Chinese LNG demand looks set to disappoint for yet another year
Imports will fall about 5% to 73 million tonnes this year
[BEIJING] Chinese liquefied natural gas (LNG) imports are at risk of another weak year as disappointing industrial demand and persistently high global prices look set to reduce purchases.
Imports will fall about 5 per cent to 73 million tonnes this year, meaning China may lose its position as the world’s biggest buyer of the super-chilled fuel to Japan, according to BloombergNEF (BNEF). The outlook for 2026 is also not encouraging: Overall gas demand is set to slump, suggesting it has decoupled with GDP growth, BNEF analysts said at a summit this week.

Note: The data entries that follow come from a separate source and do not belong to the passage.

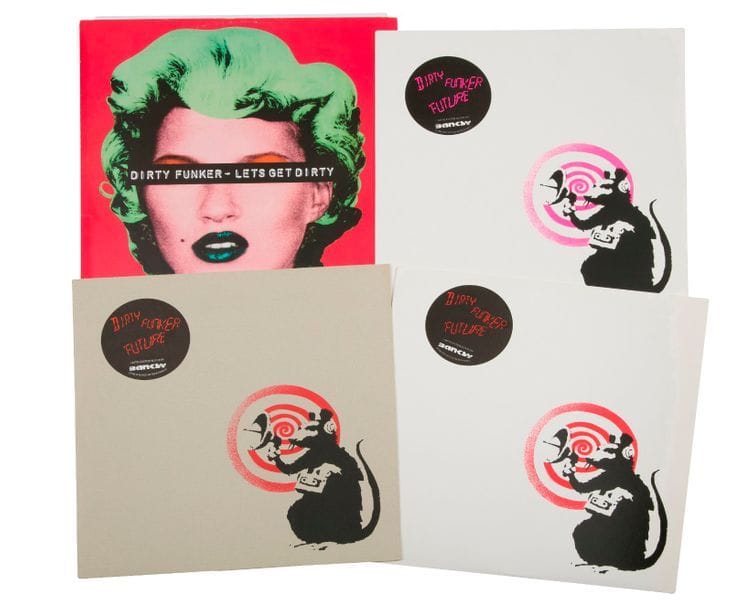 [BANKSY] Lot de trois maxi 45 T Dirty Funker « Future » et un maxi « Let s get dirty ». Pochettes et disques VG++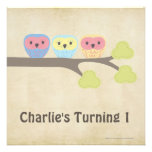 1st Birthday Party Retro Baby Owls Invitation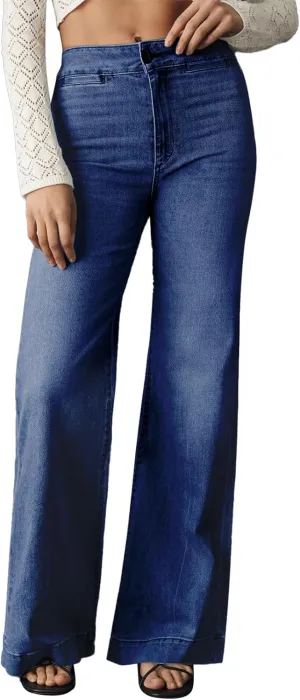 Sidefeel Women's High Waist Flare Jeans Baggy Stretchy Wide Leg Denim Pants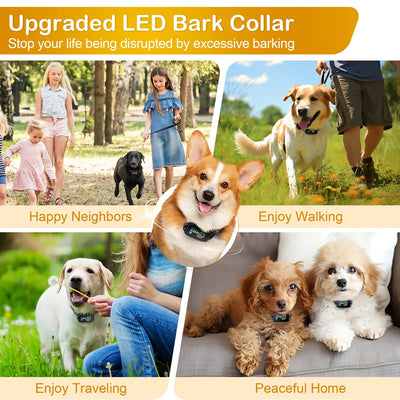 Anti-Bark Collar 2-Pack | 3 Modes, 8 Levels | All Dog Sizes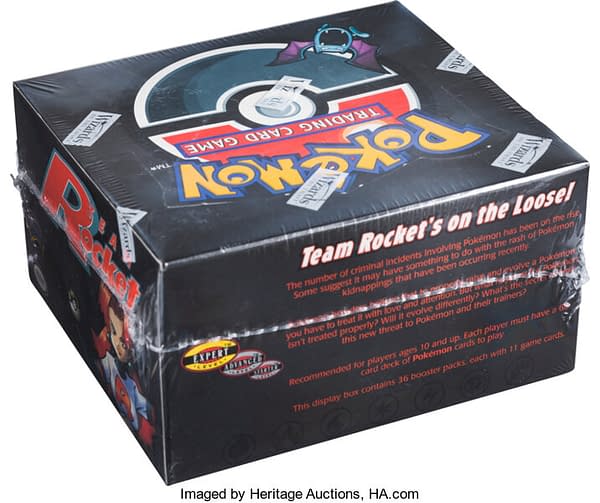 A top view of the shrink-wrapped, 1st Edition Team Rocket booster box from the Pokémon TCG.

China was the fastest-growing LNG market before Russia’s invasion of Ukraine in 2022 triggered a surge in spot prices. Back then, Asia’s largest economy had been expected by BNEF to get to 100 million tonnes of imports by this year, but analysts have been forced to repeatedly downgrade their outlooks on persistently weaker-than-expected demand.
A wave of new global LNG supply will probably reduce spot prices next year and potentially spur some additional Chinese buying, but the demand picture remains shaky. There’s been a decline in industrial activity across the steel, glass and cement sectors, key sources of LNG consumption, and Beijing’s campaigns to tackle overcapacity, as well as the trade war with the US, could also dampen purchases.
Gas-fired power plants are facing intense competition from coal and rapidly expanding renewables such as solar and wind. The utilisation rate of facilities that burn gas has dropped to the lower end of the five-year seasonal range, as rising LNG costs force them to curb generation.
Chinese LNG buyers, meanwhile, have more long-term supply contracts starting next year, but given that demand is deteriorating, they may choose to divert some fuel to places such as Europe, where prices are higher. This is likely to cement China’s role in balancing the global gas market, as companies there shift to becoming traders as well as consumers.
“The path to portfolio trading is not by choice, but rather necessity,” Zhang Yaoyu, global head of LNG and new energies at PetroChina International, said at the BNEF Shanghai Summit on Wednesday.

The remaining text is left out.